Bladebit queston: how to archive plots to HDDs without interrupting plotting?

fish2010 · December 24, 2021, 11:14pm

I started to use Bladebit recently and I can do 1 plot around 12 mins, but disk copy takes another 10 mins. The system have 36 Xeon cores and 448GB memory. I am getting this message:

Running Phase 1
Generating F1…
Finished F1 generation in 2.23 seconds.
Sorting F1…
Finished F1 sort in 19.22 seconds.
Forward propagating to table 2…

Pairing L/R groups…*
Finished pairing L/R groups in 11.7890 seconds. Created 4294907317 pairs.*
Average of 236.1373 pairs per group.*
Computing Fx…*
Finished computing Fx in 13.0030 seconds.*
Waiting for last plot to finish being written to disk…*

Ideally I would like the copy to be done in the background and never stall plotting. It seems that a 108GB buffer is required, which could be either memory or nvme SSDs.

So if I upgrade the memory up to 576GB, and plot directly to HDDs. Will the plotting be stalled? I have not see any testing done on this.
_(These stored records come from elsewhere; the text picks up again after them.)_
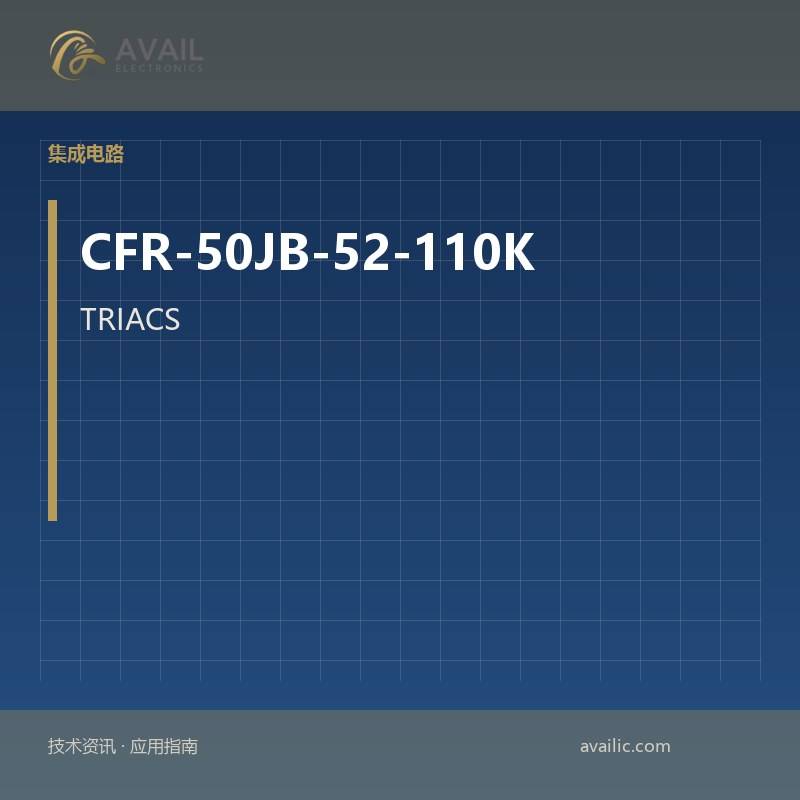 CFR-50JB-52-110K TRIACS：TRIAC的核心技术与应用案例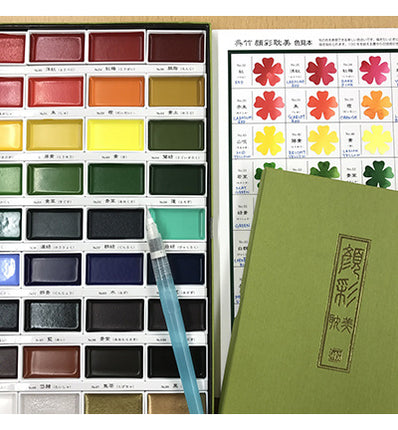(MC20/36V) Gansai Tambi Set 36 Farben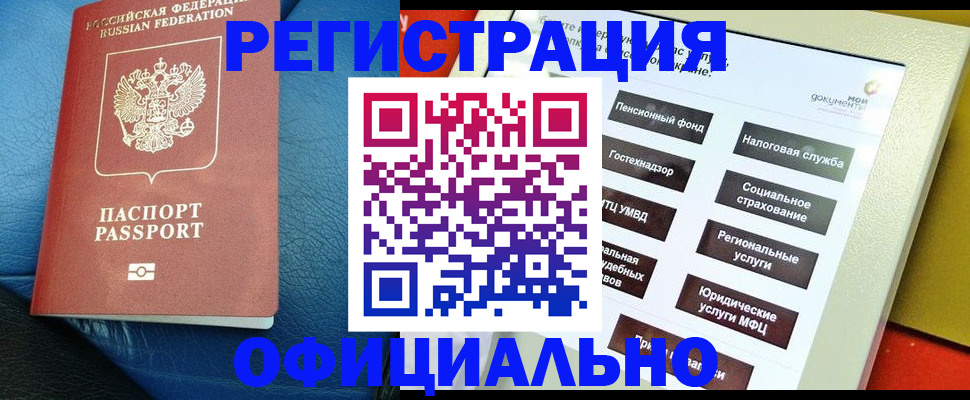 прописка для школы в Печоре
Another approach can be using nvme buffer which then archives plots to multiple HDDs simultaneously. Maybe Plotman can do the trick or I may need to write a custom rsync script.

I guess I can also use 8~1215K/10K SAS drive in raid0 as a buffer. The transfer speed won’t be as good as NVME. But it should be just good enough, and not too resource-intensive to interfere with plotting.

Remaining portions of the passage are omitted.